Die zweite Dimension weist hinaus in die Gesellschaft, in die Welt, in die Richtung der zunehmenden – akademischen – Anforderungen, die an die Kunsthochschulen gestellt werden. Dazu gehören Theoretisierung und Reflexion als zentrale Ausbildungsthemen, die auf diese Weise nun zum Teil der künstlerischen Arbeit werden. Im Unterricht lernen die Studierenden, ihre eigenen Argumente abzustützen, Fussnoten zu verfassen oder die verwendete Literatur so zu notieren, dass sie wieder gefunden werden kann. Die Auseinandersetzung mit diesen Anfordernissen bringt es zunehmend mit sich, in der eigenen Arbeit ein Bewusstsein zu entwickeln oder gar Platz zu machen für die Stimmen anderer Personen und zwar auf eine Art und Weise, für die es lange keine Notwendigkeit gab.
Diese veränderte Konfiguration, die sich in den Bewegungen zwischen den Dimensionen von Eigenständigkeit und Bezüglichkeit zur Welt zeigt, wirft Fragen zum Konzept der künstlerischen Autonomie auf und verlangt von den Dozierenden ebenso wie von den Studierenden und den Hochschulen selbst, sich mit dieser auseinanderzusetzen.

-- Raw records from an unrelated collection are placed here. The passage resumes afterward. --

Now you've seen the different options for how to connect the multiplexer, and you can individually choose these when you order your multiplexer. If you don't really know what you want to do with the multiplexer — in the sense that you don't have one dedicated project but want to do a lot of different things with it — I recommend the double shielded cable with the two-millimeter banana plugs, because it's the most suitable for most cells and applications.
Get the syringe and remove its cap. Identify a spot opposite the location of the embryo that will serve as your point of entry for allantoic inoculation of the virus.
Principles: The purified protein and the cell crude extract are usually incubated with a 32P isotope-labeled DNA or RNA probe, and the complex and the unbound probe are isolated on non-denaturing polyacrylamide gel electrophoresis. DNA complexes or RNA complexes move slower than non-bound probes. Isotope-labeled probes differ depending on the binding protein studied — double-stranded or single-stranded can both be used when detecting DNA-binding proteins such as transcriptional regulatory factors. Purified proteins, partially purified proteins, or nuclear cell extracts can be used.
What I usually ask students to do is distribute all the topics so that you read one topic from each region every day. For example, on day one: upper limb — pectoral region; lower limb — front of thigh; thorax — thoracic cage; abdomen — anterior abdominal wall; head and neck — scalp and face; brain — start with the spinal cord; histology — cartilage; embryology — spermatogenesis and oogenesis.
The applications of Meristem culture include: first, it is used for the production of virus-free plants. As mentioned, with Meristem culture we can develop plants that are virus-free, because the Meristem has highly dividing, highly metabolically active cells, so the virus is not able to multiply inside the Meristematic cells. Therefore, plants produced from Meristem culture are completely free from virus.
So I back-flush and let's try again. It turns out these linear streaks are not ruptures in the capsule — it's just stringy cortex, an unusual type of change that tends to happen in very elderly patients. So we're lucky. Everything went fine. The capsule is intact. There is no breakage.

Zitier- und Bibliografierregeln werden in den geistes- und sozialwissenschaftlichen Disziplinen und auch in den Naturwissenschaften in der Regel dazu eingesetzt, aufzuzeigen, von welchem Stand des Wissens man bei der eigenen Arbeit ausgeht und ebenso, wo und wie man sich zu verorten gedenkt.3 Auf diese Weise wird die Position des Forschenden erkennbar. Die Autonomie der Wissenschaften liegt darin, die Themen aufgrund des Wissensstandes selber zu wählen und eigene, neue Fragen daran anschliessen zu können.

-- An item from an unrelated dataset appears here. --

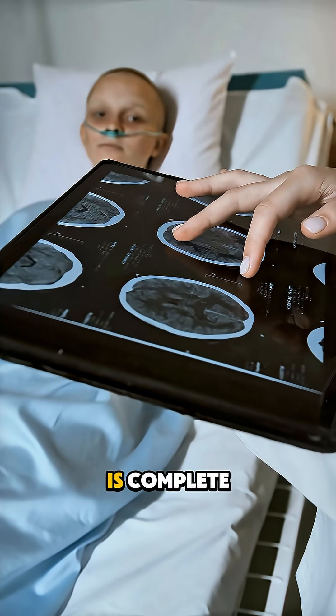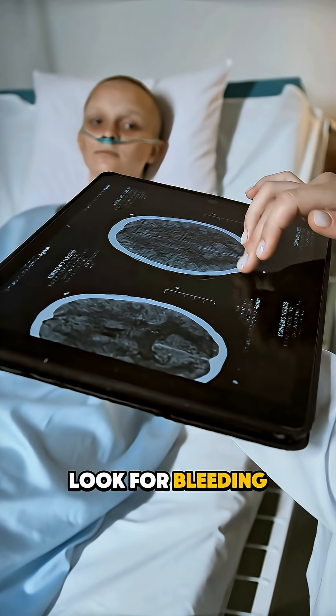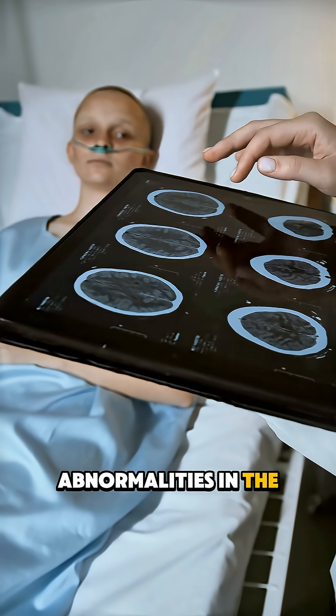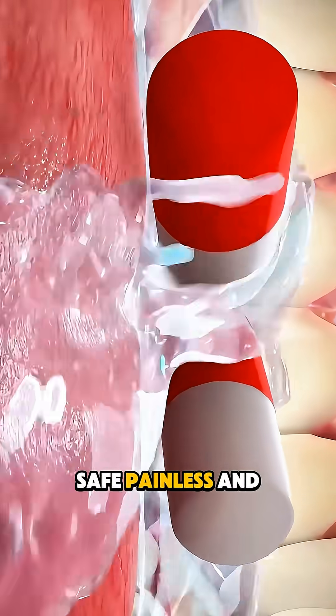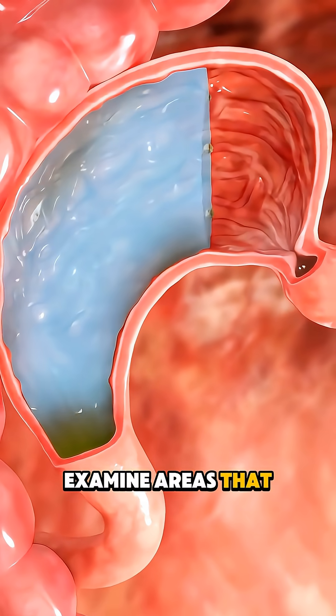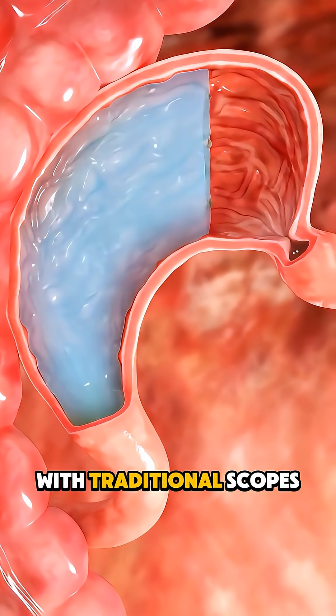Once the recording is complete, your doctor reviews the images to look for bleeding, inflammation, tumors, or other abnormalities in the small intestine. Safe, painless, and detailed, capsule endoscopy allows doctors to examine areas that are hard to reach with traditional scopes.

Im vorliegenden kurzen Text möchten wir argumentieren, dass die Bezugnahme auf die Autonomie der Kunst oder des/der Künstler/-in Teil einer übergeordneten Auseinandersetzung ist, die mit den Grenzziehungen, der boundary work4 zwischen freien, auf den Kunstmarkt und die ‑szene hin orientierten künstlerischen Handlungsweisen und einer zunehmend verschulten, von wissenschaftlichen Verständnissen geprägten Haltung seitens der Kunsthochschulen zu tun hat. Boundary work, ein Konzept des Soziologen Thomas F. Gieryn, der damit thematisiert, wie Wissenschaftler selber die Grenzen zwischen Wissenschaft und Nicht-Wissenschaft ziehen, kann damit für die Künste fruchtbar gemacht werden.5 Die Bologna-Reform wurde relativ flächendeckend an europäischen Universitäten und Fachhochschulen eingeführt, aber die Konsequenzen sind bis heute je nach Fach unterschiedlich. Wir vermuten, dass die Beschäftigung mit dem Thema Autonomie als ein Beispiel für die Verhandlungen verschiedener Akteure auf dem Feld der Kunst über die Grenzen zwischen einer freien und einer institutionalisierten Kunstpraxis betrachtet werden können. Damit greifen sie in die Frage nach dem Ideal reiner künstlerischer Arbeit und der Trainierbarkeit von künstlerischeren Kompetenzen ein.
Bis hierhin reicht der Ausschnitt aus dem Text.